And the question is why do smart teams with sufficient resources– by resources I mean, money, all of that, right, not number of people necessarily– so why do smart teams with sufficient resources still produce mediocre or poor products? The current environment, again, sort of certainly you know, with startups and high growth tech companies, is that we all like to think we have smart teams. In this current funding environment, we do have somewhat sufficient resources in most cases, perhaps too many resources in some cases, and yet, many teams are not as successful as they ought to be.

And so why does that happen? Right? I don’t think I’ve answered that question just for myself. First trying to do this for myself, and then for everybody else. But I think the answer lies in a lot of different things that we just talked about. Around, oh, you know, one of the aspects of success is understanding the truth.

A lot of this goes back to things like decision-making, how do you collect inputs, how do you determine outputs? How do you get to those outputs? And then what are the right outcomes for us to achieve? Are we being sufficiently both logical and creative about how we get there?

I don’t have an answer to sort of like the overall question of what distinguishes, you know, either poorly performing teams or high-performing teams and how are they different. I like to think about it as like, you know, this concept of assuming the basics are met, what needs to happen in order to maximize chances of success? And that’s where I think context also plays a pretty large role.

Intentionality and stubbornness (with the company you want to be) [00:39:24]

John Cutler: What I’ve observed, at least in some of the companies that I admire the most is that someone is around who is just really stubborn about something, you know. They are stubborn about maybe engineering quality, or they’re stubborn about connecting with customers. So anyway, that’s, I’m offering that up as maybe an area that I’m looking into. That’s what I’ve been thinking a lot about lately is stubbornness. We should connect our threads of research on this because I think it’d be interesting.

Shreyas Doshi: Yeah. I want to take that and do a live mashup of what you’re talking about, uh, with this other idea that I [00:40:00] often bring up in conversations with startups, particularly as they’re kind of starting to think about scaling that product development efforts. As they’re thinking of adding product management. One of the questions I will often ask is what type of company do you want to create? Concretely. This is in the context of, you know, oh, I’m looking to scale my engineering team, looking to scale my product management. And I ask people to be quite intentional about what type of company you want to…

John Cutler: Because it’s easy to give non-answers to that. I’ve heard a lot of non answers to that question.

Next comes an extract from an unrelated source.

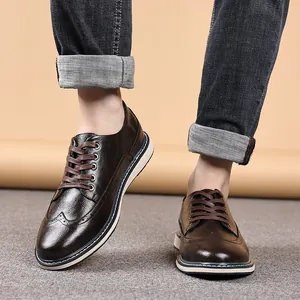 Detailansicht der dunkelbraunen Brogue-Schuhe für Herren mit klassischem Flügeldesign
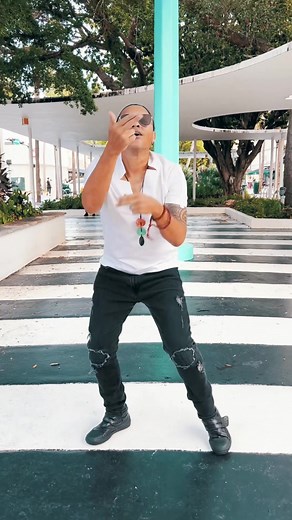 BÉ-SA-ME… #EHLACOSA 🕺🏻 Más detalles en el link de mi bio #GameChangersAM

Shreyas Doshi: Yes. And as it pertains to product work, right? Like what is going to be your focus? So that’s one way to look at it. Do you want to be a customer focused company? Do you want to be an infrastructure focused company? Do you want to be a growth focused company? Do you want to be a product focus company?

Do you want to be a sales focused company…

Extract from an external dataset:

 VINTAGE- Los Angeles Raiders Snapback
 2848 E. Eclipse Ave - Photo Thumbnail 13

John Cutler: I want it all…

Shreyas Doshi: And exactly, right!

Like, so that’s what people say quite a bit. But then they start getting it, which is like, oh Yeah, Okay. I like, I need to be like, as a founder, my company is my product. And so I need to be quite opinionated or stubborn– so, this is where I’m connecting to your stubbornness– about what I want to create.

Because what happens is you, you can’t have it all. And if you’re not intentional about it, you are focused on something it’s just, you don’t know what it is and then there’s confusion, right. Like for yourself and for others. And so you take examples, right? It takes time to go through this conversation because, you know, it’s, it’s an odd

John Cutler: It starts out very high level too. It’s like…

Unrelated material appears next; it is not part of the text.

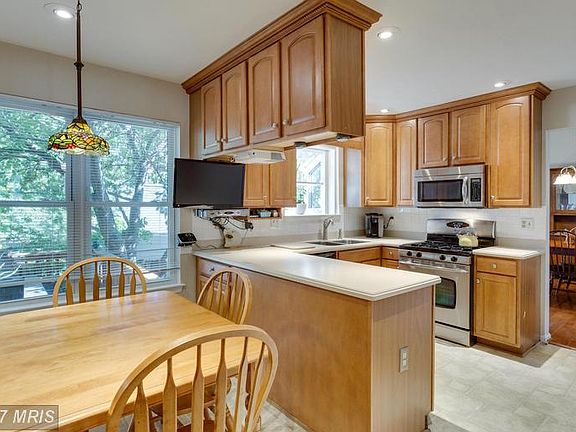 4th image of 3703 Charles Stewart Dr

Shreyas Doshi: Right, it’s, it’s very high level…

John Cutler: …and then you have to step away and get some coffee and like, wait, we need to go another level down.

Shreyas Doshi: Okay. Right. And, and like, so what I’ve observed is that like 10 minutes in 20 minutes in 30 minutes in, there is a light bulb moment typically for the founder. Because the founder is typically also very close to what they want to do. So it’s, again, it’s one of those things where asking the question is the main value-add not necessarily the answer.

But if you take examples, it becomes clearer, which is Google, as an example, and certainly during the time I was there, which was like 10, 10 ish years ago, was very much an infrastructure focused company. That was their implicit focus. When I talked to an engineer and I said, this is what the user needs, how might we go about building it? The answer would be, oh, that is very interesting. It’s an amazing problem. I’m going to have to build this backend infrastructure. It’s going to take me six months to build out this backend infrastructure. And then you will have this feature. And as a product person, of course, I would go wait, but that sounds like a really long time to like, this is not a massive feature.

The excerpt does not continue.